### What to work on
Please output the section of the listing below that opens with the line containing "this 725×430 image." and closes with the line containing "this 736×490 image.", exactly and with nothing else.
Supplied records Block Start
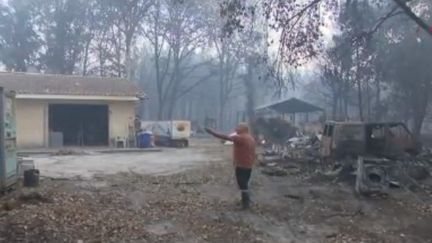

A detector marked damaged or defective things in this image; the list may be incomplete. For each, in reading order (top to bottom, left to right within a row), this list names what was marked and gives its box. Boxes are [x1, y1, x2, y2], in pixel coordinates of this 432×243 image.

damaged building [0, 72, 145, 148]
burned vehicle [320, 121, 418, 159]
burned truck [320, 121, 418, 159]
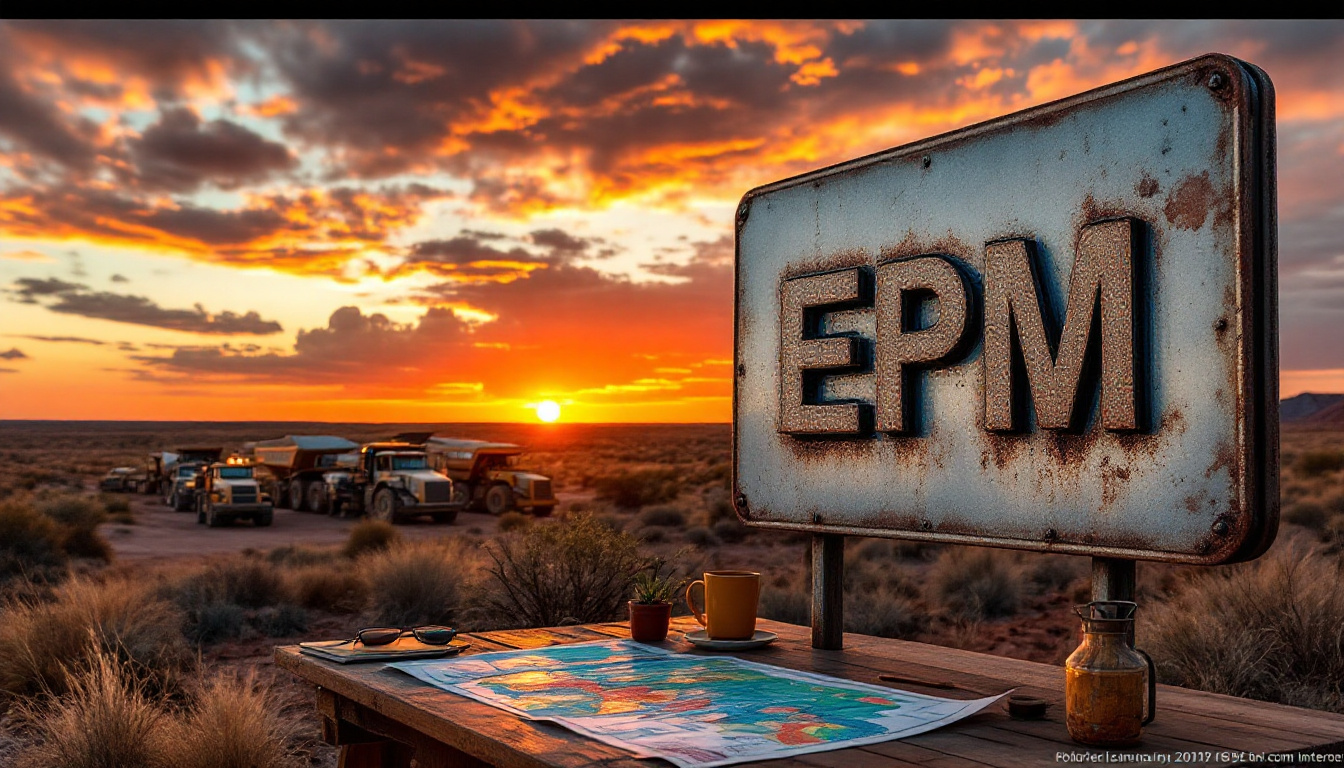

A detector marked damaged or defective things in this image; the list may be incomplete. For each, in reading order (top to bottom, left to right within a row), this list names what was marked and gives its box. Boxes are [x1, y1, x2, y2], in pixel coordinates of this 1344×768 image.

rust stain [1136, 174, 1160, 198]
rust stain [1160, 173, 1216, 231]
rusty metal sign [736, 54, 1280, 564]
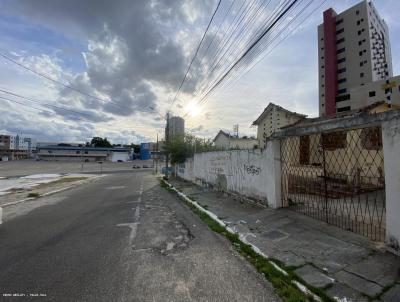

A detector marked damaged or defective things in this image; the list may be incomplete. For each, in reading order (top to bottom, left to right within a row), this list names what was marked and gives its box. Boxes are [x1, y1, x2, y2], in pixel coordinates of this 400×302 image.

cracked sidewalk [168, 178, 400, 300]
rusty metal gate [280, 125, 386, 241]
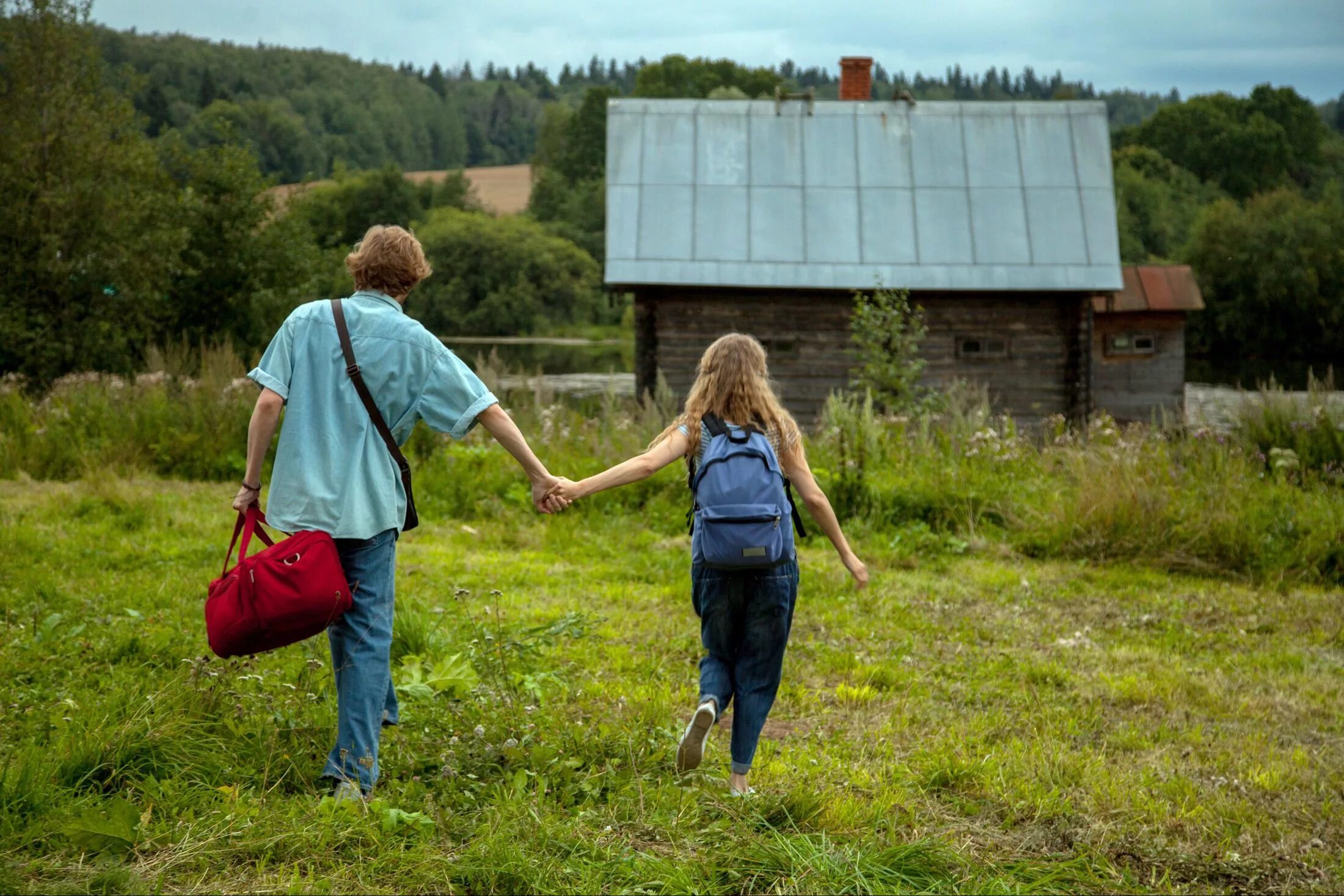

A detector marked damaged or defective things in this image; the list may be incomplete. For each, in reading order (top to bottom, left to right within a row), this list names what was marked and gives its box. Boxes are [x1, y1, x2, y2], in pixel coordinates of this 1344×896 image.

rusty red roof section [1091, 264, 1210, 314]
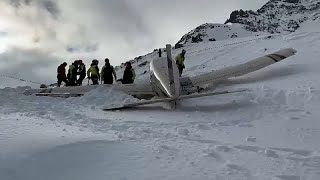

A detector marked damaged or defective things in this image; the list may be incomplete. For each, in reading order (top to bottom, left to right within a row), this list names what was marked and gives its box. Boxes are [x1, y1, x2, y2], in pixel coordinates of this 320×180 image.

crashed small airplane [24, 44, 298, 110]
Supplied records Block End
Supplied records Block Start
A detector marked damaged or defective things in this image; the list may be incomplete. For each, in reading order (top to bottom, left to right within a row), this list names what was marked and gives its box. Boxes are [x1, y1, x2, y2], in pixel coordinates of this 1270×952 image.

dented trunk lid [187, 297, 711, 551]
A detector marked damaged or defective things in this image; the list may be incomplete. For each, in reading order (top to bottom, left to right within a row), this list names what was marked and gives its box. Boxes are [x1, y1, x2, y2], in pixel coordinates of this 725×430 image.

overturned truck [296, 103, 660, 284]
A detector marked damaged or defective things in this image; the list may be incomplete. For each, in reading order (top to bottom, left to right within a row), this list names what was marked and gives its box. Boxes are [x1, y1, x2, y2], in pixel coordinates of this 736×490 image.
Supplied records Block End
Supplied records Block Start
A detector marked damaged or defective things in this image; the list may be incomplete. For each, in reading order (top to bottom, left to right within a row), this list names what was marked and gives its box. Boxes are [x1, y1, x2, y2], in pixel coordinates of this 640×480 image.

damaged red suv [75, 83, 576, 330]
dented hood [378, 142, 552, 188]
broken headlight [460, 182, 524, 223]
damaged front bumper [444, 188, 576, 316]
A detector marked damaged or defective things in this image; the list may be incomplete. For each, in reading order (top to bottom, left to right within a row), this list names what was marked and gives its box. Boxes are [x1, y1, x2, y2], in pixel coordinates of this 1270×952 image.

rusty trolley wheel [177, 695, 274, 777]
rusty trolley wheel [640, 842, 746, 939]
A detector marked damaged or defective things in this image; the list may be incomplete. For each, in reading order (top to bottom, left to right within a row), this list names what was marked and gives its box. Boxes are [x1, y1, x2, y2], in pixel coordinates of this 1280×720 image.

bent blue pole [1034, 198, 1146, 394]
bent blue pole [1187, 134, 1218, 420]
Supplied records Block End
### Response
A detector marked damaged or defective things in this image; the list may be incomplete. For each, in reading order (top to bottom, left to right within a row), this list names what was marked and gives its box. Boxes are [x1, y1, x2, y2], in pixel coordinates of this 725×430 image.

overturned truck [296, 103, 660, 284]
A detector marked damaged or defective things in this image; the list may be incomplete. For each, in reading order (top to bottom, left to right within a row), this list names what was marked and gives its box. Boxes are [x1, y1, x2, y2], in pixel coordinates of this 736×490 image.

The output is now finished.